In 2 Trailers, the Neighbors Nobody Wants

Do buffer zones around schools really protect kids?

By Chris Dornin, founder, CCJR 

A diverse group of New Hampshire stakeholders on sex offenders issues met in December, 2012, and quickly agreed the state needs to block towns from imposing residency restrictions on convicted sex offenders. The forum participants included defense attorneys, advocates for offenders, a clinical therapist and law enforcement officials. 

A bill to do that very thing, HB 442,  has a public hearing at 1 p.m. Feb. 7, 2013, before the House Criminal Justice Committee in room 204 of the Legislative Office Building.  In making up their minds, committee members would do well to consider a powerful article on the problem, published this week in the NY Times. 

It took a hard look at the unintended impact of these controversial ordinances on public safety.  They arguably herd a class of offenders into ghettoes and make them more dangerous, if they can find shelter at all.


From the NY Times,  by MICHAEL SCHWIRTZ Published: February 4, 2013 61 Comments

SOUTHAMPTON, N.Y. — Two trailers in this wealthy beach town stand as testament to an increasingly intractable problem for localities across the country: where to let sex offenders live after prison.

The cramped trailers house convicted rapists, sexual predators and child abusers, about 40 sex offenders in all.

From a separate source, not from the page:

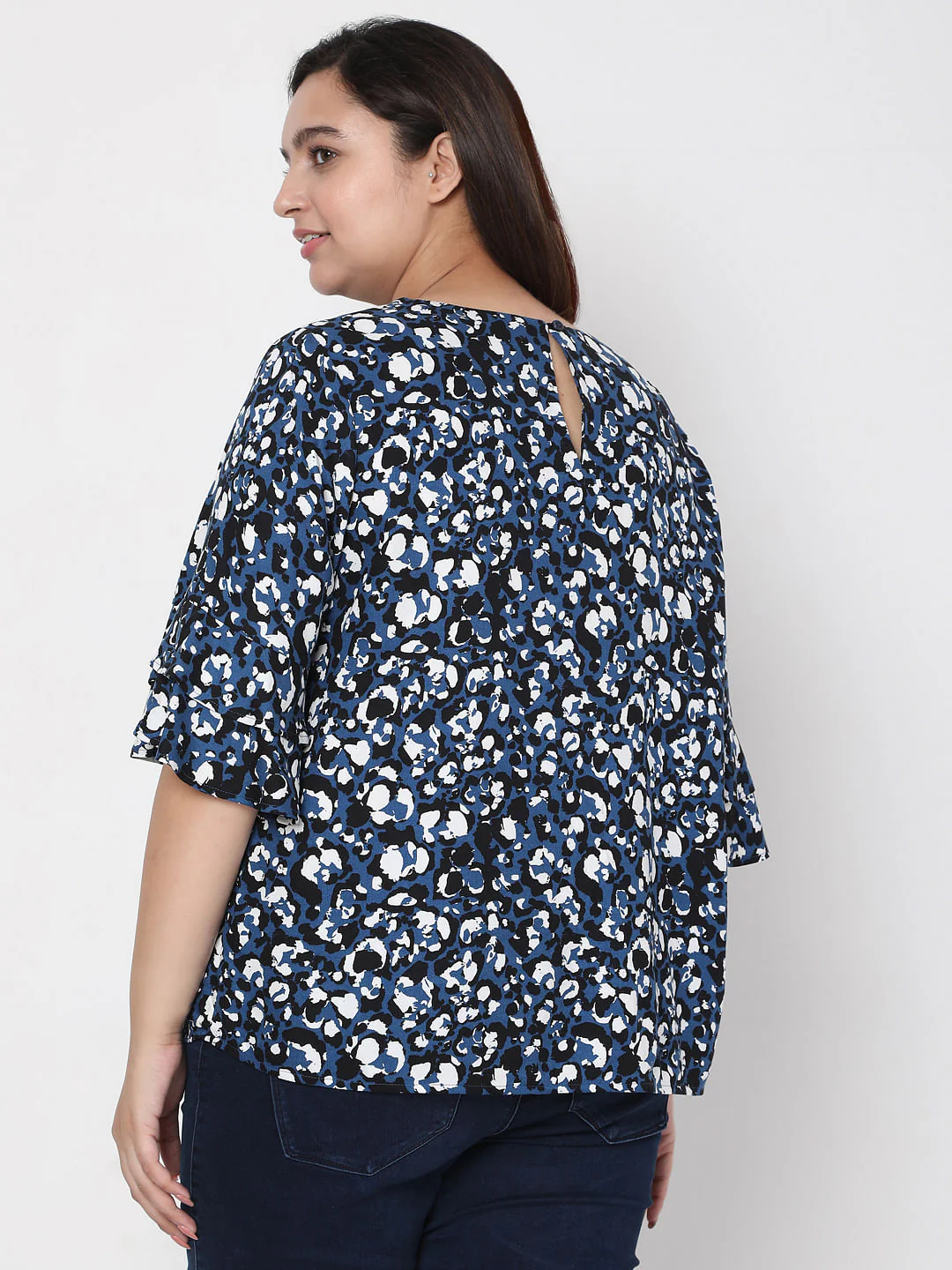 Curve Blue Abstract Print Top - Image 4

They are stuck here in large part because Suffolk County, like many jurisdictions, has in recent years passed laws that bar convicted sex offenders from living near schools, day care centers and other places with children.

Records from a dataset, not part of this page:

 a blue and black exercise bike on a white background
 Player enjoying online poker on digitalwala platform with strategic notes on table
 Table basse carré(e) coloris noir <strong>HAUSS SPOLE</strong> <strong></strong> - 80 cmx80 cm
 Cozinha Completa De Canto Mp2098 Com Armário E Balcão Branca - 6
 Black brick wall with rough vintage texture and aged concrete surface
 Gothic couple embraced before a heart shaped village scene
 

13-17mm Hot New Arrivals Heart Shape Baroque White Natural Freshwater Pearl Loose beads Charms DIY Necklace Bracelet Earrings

The restrictions are so sweeping that it can be difficult for the offenders to find housing, leaving many homeless, officials said.

Suffolk County, on Long Island, installed the trailers, after the authorities discovered that sex offenders had crowded into cheap motel rooms, sometimes down the hall from families with children. Around the country, similar clusters of offenders have been found in campgrounds, under highway overpasses and other isolated spots.

The solution here was supposed to be temporary. That was nearly six years ago.

Today, the number of men living in the trailers in Southampton has doubled. And no one — from local officials to victims’ rights advocates to sexual abuse experts — seems satisfied with the situation. Even staunch supporters of the rules are now questioning them.

“When you propose a law restricting sex offenders to 1,000 feet from any bus stop, that’s just not going to work,” said Laura A. Ahearn, executive director of Parents for Megan’s Law and the Crime Victims Center, who lives on Long Island. “You have to be reasonable.”

Others said they were concerned that sex offenders would not be able to rehabilitate themselves if they lived together in close quarters with large numbers of other offenders.

By law, convicted sex offenders in Suffolk County must have a permanent registered address there while on parole or probation. If they do not, they can be arrested again.

After they finish parole or probation, they can move away — though they would be subject to the sex offender registration rules wherever they reside.

The men are not forced to live in the trailers, but typically end up in them because they have nowhere else to stay and fear being arrested if they are homeless.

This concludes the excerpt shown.